Another thing which might have been made clearer... and I don’t remember it coming up in the film itself although it might have been so quick that I somehow missed it, is the reason for the title of this film. Apparently, according to the IMDB, it’s because the short scene under scrutiny here, is made up of 78 different camera set ups and 52 edits... which could have done with a little clarification, I think. I suspect some people are going to be walking away from the screenings on this one puzzled about it.
Something else which would have been nice to have been touched upon, since Marli Renfro, the cover girl of the September 1960 Playboy bunny girl, was on hand... was the mysterious and bizarre story of her apparent murder and the confusion of a killer who actually murdered the wrong ‘girl in the shower’ stand in... or some such. I actually don’t know the ins and outs of that story myself (the book on the subject is in one of my many ‘to be read’ piles) but it seems like it might be, at the very least, of passing relevance here.

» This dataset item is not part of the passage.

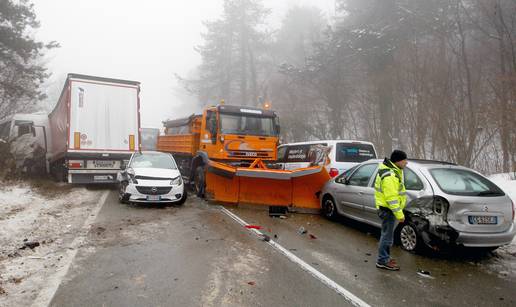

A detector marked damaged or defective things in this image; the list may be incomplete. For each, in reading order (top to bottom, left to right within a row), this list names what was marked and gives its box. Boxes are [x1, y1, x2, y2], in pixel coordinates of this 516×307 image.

damaged gray car [320, 160, 512, 251]
damaged silver car [320, 159, 512, 253]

All in all, I quite enjoyed certain parts of 78/52, such as the sequence showing the stabbing of different kinds of melons to establish the perfect sound of a knife passing through human flesh and it was nice to hear Jamie Lee Curtis’s own thoughts on her mother’s demise in the scene in question. It’s something which fans of the movie should probably take a look at sometime but I did come out of the cinema feeling fairly unsatisfied with the production. On the other hand, it did provoke some discussion between me and a friend who I saw it with in the pub afterwards... so that was a good thing. This won’t be making any of my top ten lists this year but, as I say, if you are a Hitchcock or Psycho fan, then you might want to give this one a go.